Forum für Wissenschaft, Industrie und Wirtschaft

Hauptsponsoren:     3M 
Datenbankrecherche:

 

Ein Füllhorn exotischer Sterne - Neue VISTA-Aufnahme des Sternhaufens 47 Tucanae

10.01.2013
Bildveröffentlichung der Europäischen Südsternwarte (Garching) - Diese neue Infrarotaufnahme vom VISTA-Teleskop der ESO zeigt den Kugelsternhaufen 47 Tucanae in beeindruckender Detailfülle.
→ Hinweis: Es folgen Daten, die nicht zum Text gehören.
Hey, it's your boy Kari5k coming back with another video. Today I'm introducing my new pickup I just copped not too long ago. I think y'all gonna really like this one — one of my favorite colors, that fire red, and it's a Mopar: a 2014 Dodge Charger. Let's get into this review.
Der Kugelsternhaufen 47 Tucanae
Bild: ESO/M.-R. Cioni/VISTA Magellanic Cloud survey. Acknowledgment: Cambridge Astronomical Survey Unit

Der Sternhaufen enthält nicht nur Millionen von Sternen, in seinem Zentrum haben sich auch einige exotische Sterne mit sehr ungewöhnlichen Eigenschaften angesammelt. Die Untersuchung solcher Objekte in Sternhaufen wie 47 Tucanae könnte uns dabei helfen zu verstehen, wie sich diese Sonderlinge bilden und wie sie miteinander wechselwirken.
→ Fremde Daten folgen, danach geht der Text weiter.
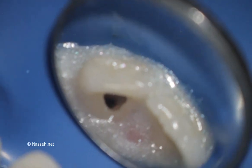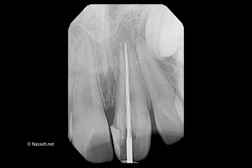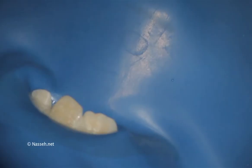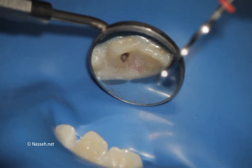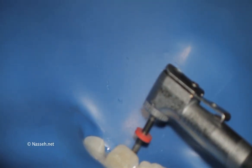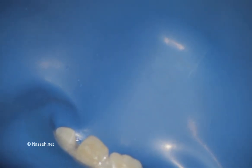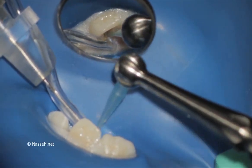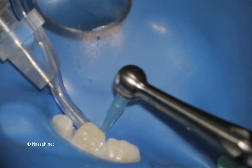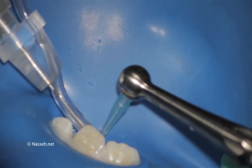Following access and initial instrumentation, a size 40 EndoSequence 04 taper file can immediately reach the apex of this tooth. Radiograph confirms full length. At this point, the apex is completely open, so the 40 can actually reach beyond the apex. However, once the working length is fully achieved and after initial irrigation, here you can see the use of a size 80-04 EndoSequence file, which right after the first use can actually easily reach the apex. I certainly believe that this is an adequate size at this point by going a little bit on the sides laterally and cleaning up.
Kugelsternhaufen sind große, kugelförmige Ansammlungen alter Sterne, die durch ihre eigene Schwerkraft zusammengehalten werden. Sie umkreisen die Zentren von Galaxien, ähnlich wie Satelliten die Erde umkreisen. Sie enthalten nur sehr wenig Gas und Staub zusätzlich zu den Sternen, die sich bereits vor Milliarden von Jahren gebildet haben. Man geht davon aus, dass alles zusätzliche Material entweder durch starke Sternwinde und bei Supernovaexplosionen von Sternen aus dem Haufen herausgeblasen oder durch Wechselwirkung des Haufens mit interstellarer Materie herausgerissen wurde.

Aus diesem Grund sind Kugelsternhaufen für Astronomen besonders interessant. 47 Tucanae, der manchmal auch NGC 104 genannt wird, ist ein besonders großer, alter Kugelsternhaufen und etwa 15.000 Lichtjahre von der Erde entfernt. Er ist bekannt dafür, viele seltsame, dafür aber umso interessantere Sterne und Sternsysteme zu enthalten.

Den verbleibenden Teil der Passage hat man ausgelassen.